# Mopping or Spritzing



## cook1536 (Jan 7, 2008)

I use a rope style mop on my smokes, I have a hard time trying to clean it after uses. Is it better to spritz with a squirt bottle or to mop? Is there advantages to mopping versus spritzing? Just a small thing but I know it makes a big difference.


----------



## bbq bubba (Jan 7, 2008)

No, no difference at all, spritzing is less of a mess and less likely to ruin your bark if that's what your after....


----------



## glued2it (Jan 7, 2008)

They have a new mop now that has small linked chain instead of the rope.

It doesn't suck up so much sauce and is easy to clean.


----------



## bbq bubba (Jan 7, 2008)

Damn Jeremy, i thought that was a back scratcher!!


----------



## glued2it (Jan 7, 2008)




----------



## geek with fire (Jan 7, 2008)

I use both processes, mop and spritz.  I spritz when I can, but thick liquids like EVOO doesn't spritz well, so those kinds of things I mop.  

My inlaws got me a silicone mop that has wide flat strips.  The strips have holes in them so you can get it loaded up.  Not as efficient as a true rope mop, but very easy to clean.

Also, on my rope mops, I drill a hole in center axis of the handle and press a 1/4" bolt with the head cut off.  When I'm done smokin for the day, I fill a bucket with soap water and spin the mop with a cordless drill.  Cleans pretty easy, but hard on the mop....they don't last long this way.  But when you get it clean, keep running the drill until the mop is mostly dry.  I think this goes without saying, but make sure you are outside....and away from any object you don't mind being painted with q-sauce.


----------



## rip (Jan 7, 2008)

I never spritz don't care for it, I always mop with the leftover injection and maybe add some sauce to it.
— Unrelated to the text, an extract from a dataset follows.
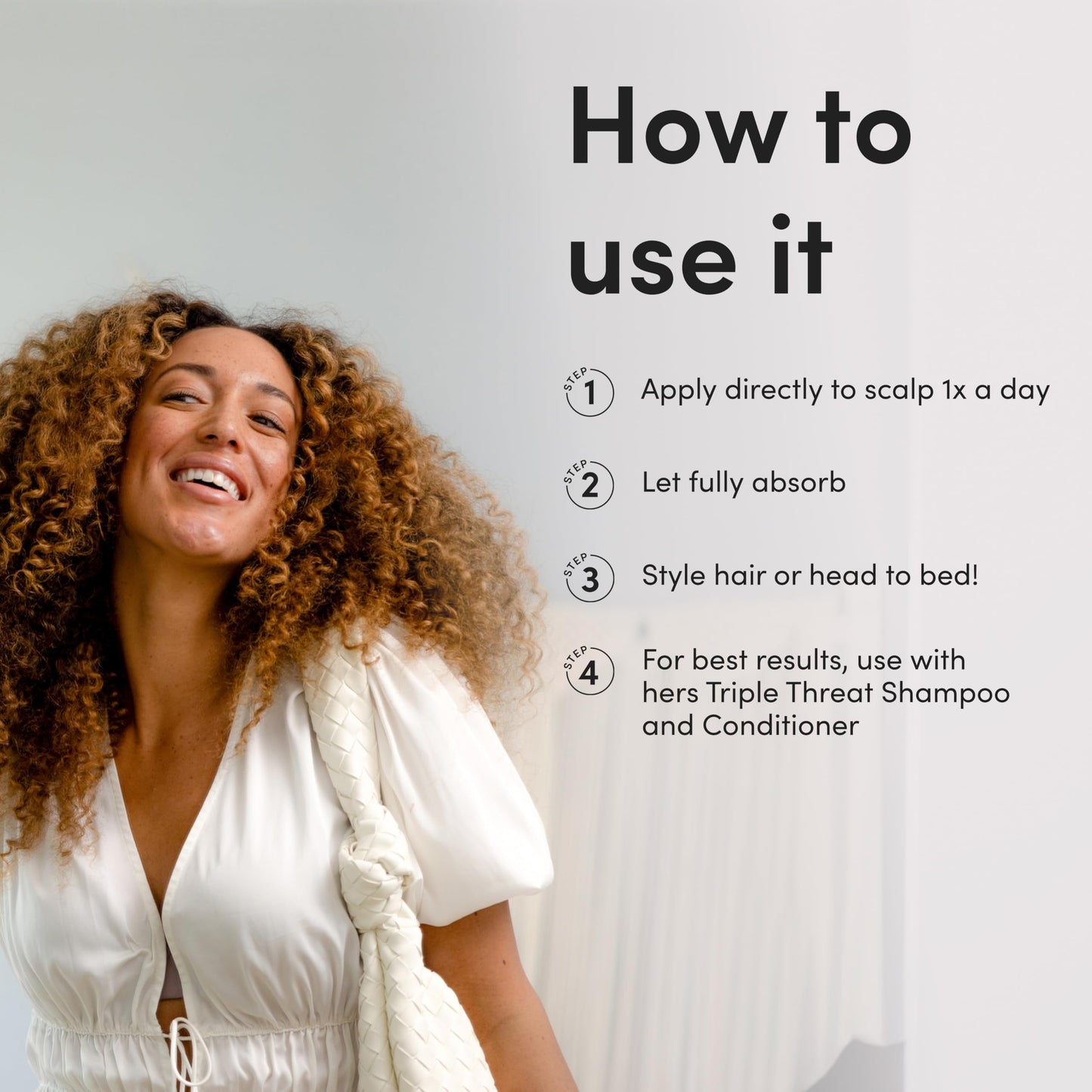 Side view of Hers Hair Regrowth Treatment Two Pack packaging showing product details.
Works for me and everyone so far likes what I smoke.


----------



## walking dude (Jan 7, 2008)

i spritz........i am always afraid that mopping mite rub some of the rub off.......summin like bbq bubba was talking about.........
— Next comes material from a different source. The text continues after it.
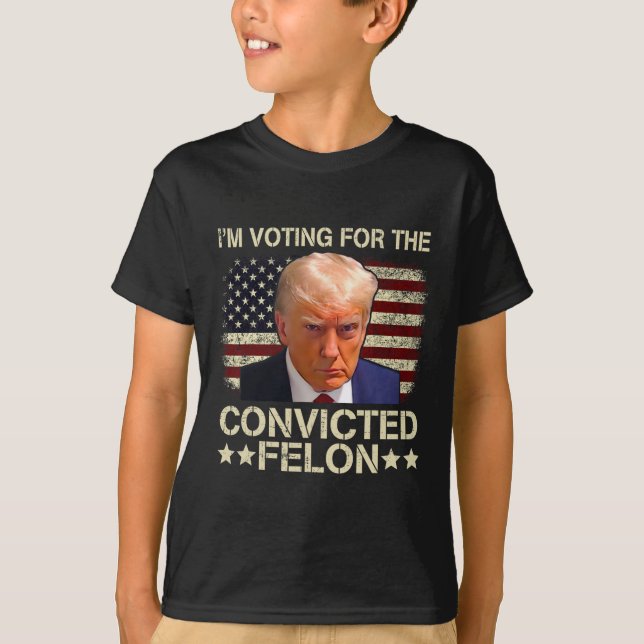 T-shirt 2024 Condamné Felon (Devant)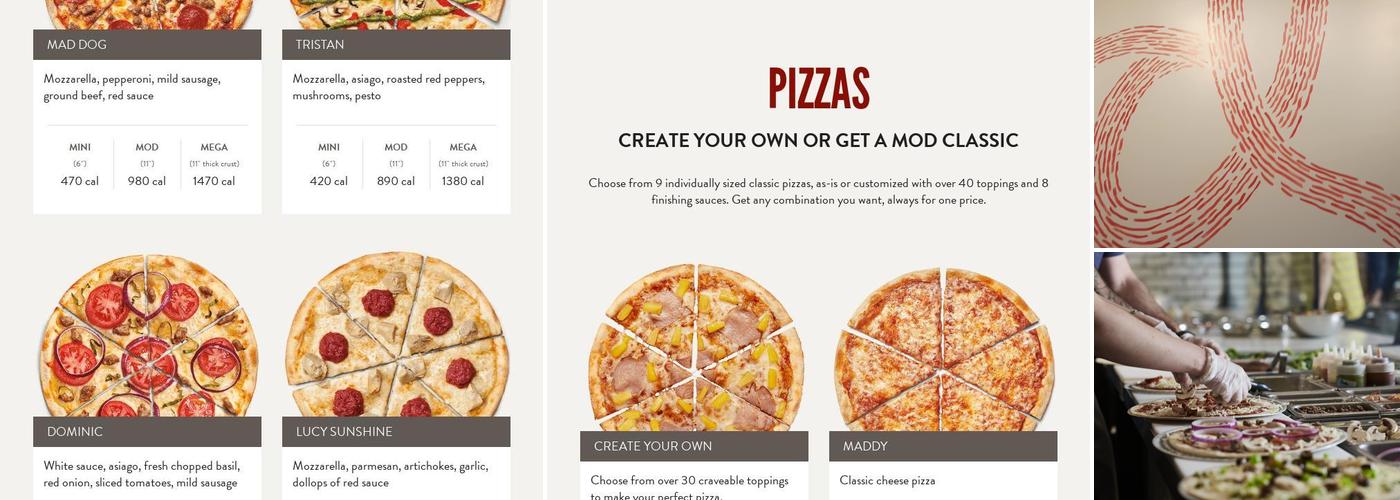 MOD Pizza Menu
like my chicken i did yesterday.........sweet spot rub on it...........didn't check the spritz bottle spray type........it was a stream........and it washed some of the rub off........one hour into the smoke..........

so i just spritz

jmt2w


----------



## smokin for life (Jan 7, 2008)

I spirtz during the smoke, but that last hour I use a mop for sauce if I use any.


----------



## walking dude (Jan 7, 2008)

i guess i shoulda said......when doing chicken quartlers i watch how i sprayed it


----------



## bustedluckbarbq (Jan 7, 2008)

I usually wait until it hits around 140-145 before i spray... seems to leave the bark alone... and i like some bark!  if i plan on moppin' i wait til the last hour or so.... depending on what i'm cookin' and temp.... and i mop lightly... with those silicone light brush mop things....


----------



## ds7662 (Jan 7, 2008)

I always spray/spritz. Only time I dont spray is when apply a light coat of sauce to my ribs at the end.


----------



## goat (Jan 7, 2008)

I am mostly a mopper.


----------